Hmong Kapoon

Kapoon is a red curry noodle soup with chicken.

Kapoon is a red curry noodle soup popularized in Hmong cuisine, and many Southeast Asian countries. This noodle soup is quick and simple dish to whip up. It’s made with chicken from creamy coconut, fresh herbs, zesty lime, and red curry.


  • 2 each Thai chili pepper
  • 6 each garlic cloves
  • 3 Makrut leaf (lime leaf)
  • 1 Stem of lemon grass
  • 1 bag rice vermicelli noodles
  • 12 cilantro
  • 1 can of bamboo shoots
  • 1 can of coconut milk
  • 3 scallions (green onions)
  • 3 tbsp Thai red curry paste
  • 1 lime
  • 2 oz ginger
  • 6 each chicken thighs
  • 3 tbsp salt
  • 3 tbsp black pepper
  • 2 gallon of water

Step 1: Prepare your Ingredients

Wash and dry all produce. Mince or grate garlic. Thinly slice Thai chili. Tear cilantro leaves and stems.
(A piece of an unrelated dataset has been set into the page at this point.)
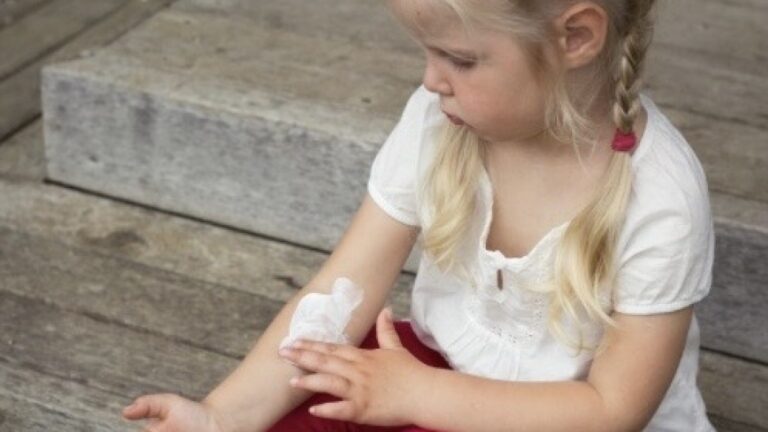 How to Avoid Topical Steroid Withdrawal?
Cut lime into eighths. Remove root ends from scallions and discard. Peel ginger and discard peel; then mince or grate. Drain bamboo shoots and discard liquid. Remove chicken thighs from package; rinse and pat dry. Cut into ¼” pieces.

Step 2: Cook your Broth

Began boiling the 2 gallon of water in a deep Pot. Toss in a stem of lemon grass. Add in salt and pepper. Clean the chicken thighs. Once the water in the pot begins to boil, toss in the chicken thighs, let this boil for 30 minutes. Once the chicken are cooked, take the chicken out to shred apart. Leave the broth in medium heat. 

Step 3: Make the Curry

On a pot, add the red curry paste, Mankrut (lime) leaf and half the can of coconut milk. Stirring constantly for 2-3 min until liquid begins to simmer. Add in the shredded chicken and sliced bamboo into your curry. 

Step 4: Finish the Kapoon

Add the curry into the broth. 


Your dish is ready to be serve: Add rice vermicelli noodles into a bowl and scoop a spoon full or two of Kapoon soup; don’t forget to add a squeeze of lime, scallions and cilantro into your dish. Also if you like more spice, add in slices of Thai Chili pepper(s).